Look through the data below. Collect every line where the word "black" occurs.

--- Entries shown Enclosed Below ---

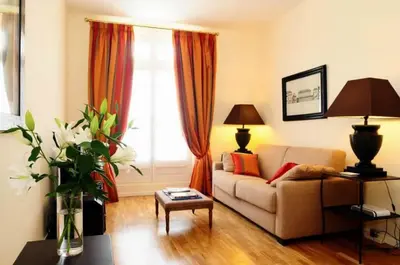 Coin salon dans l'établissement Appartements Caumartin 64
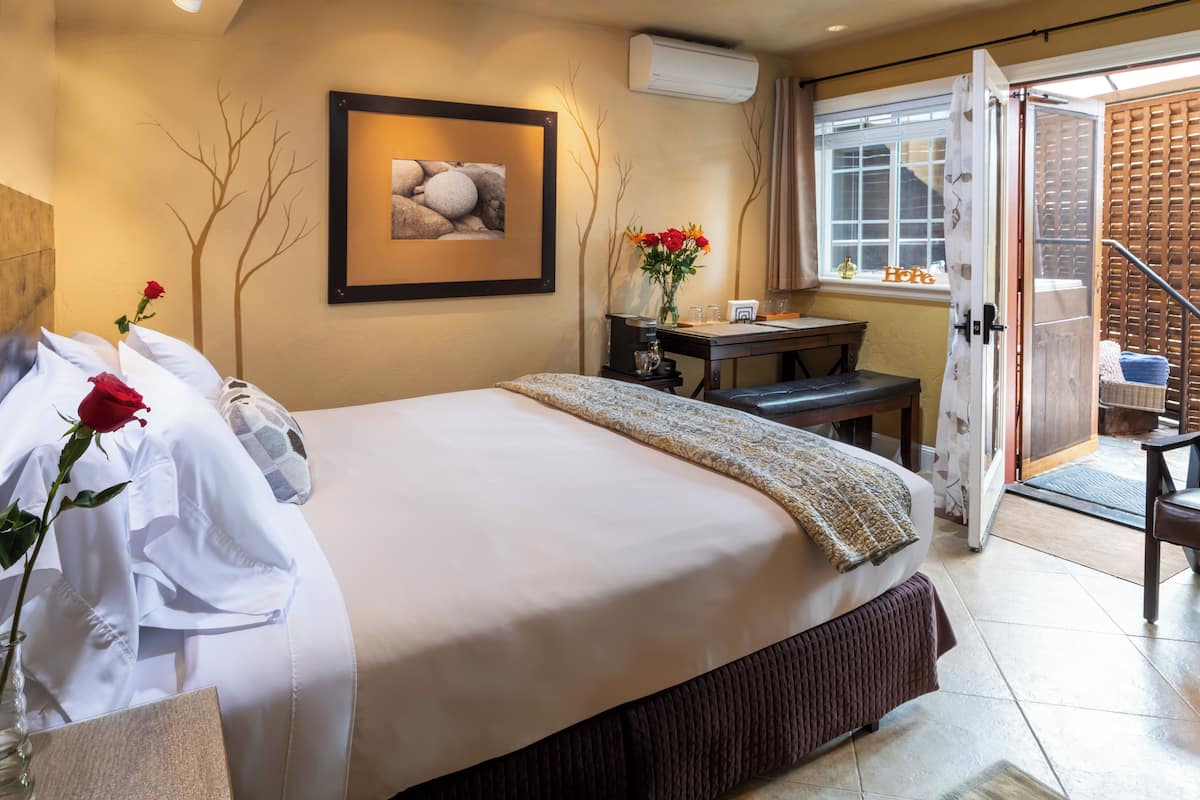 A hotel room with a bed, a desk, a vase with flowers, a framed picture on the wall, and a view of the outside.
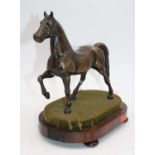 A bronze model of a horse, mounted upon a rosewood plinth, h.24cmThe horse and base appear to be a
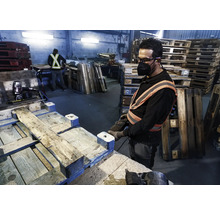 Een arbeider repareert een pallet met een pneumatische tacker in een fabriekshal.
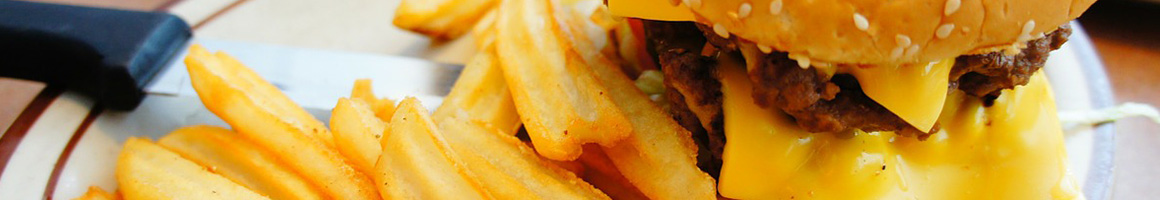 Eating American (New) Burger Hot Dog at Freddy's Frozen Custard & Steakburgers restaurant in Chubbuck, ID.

--- End of Enclosed Entries shown ---
--- Entries shown Enclosed Below ---

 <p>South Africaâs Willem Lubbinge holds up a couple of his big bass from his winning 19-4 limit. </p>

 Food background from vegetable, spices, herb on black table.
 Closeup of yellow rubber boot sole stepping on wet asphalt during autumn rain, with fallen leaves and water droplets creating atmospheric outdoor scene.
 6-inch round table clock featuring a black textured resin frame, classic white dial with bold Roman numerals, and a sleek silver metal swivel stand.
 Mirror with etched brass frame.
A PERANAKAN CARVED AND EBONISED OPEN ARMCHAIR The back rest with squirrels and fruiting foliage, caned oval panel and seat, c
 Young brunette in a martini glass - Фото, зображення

--- End of Enclosed Entries shown ---

**Answer space**.
 Food background from vegetable, spices, herb on black table.
 6-inch round table clock featuring a black textured resin frame, classic white dial with bold Roman numerals, and a sleek silver metal swivel stand.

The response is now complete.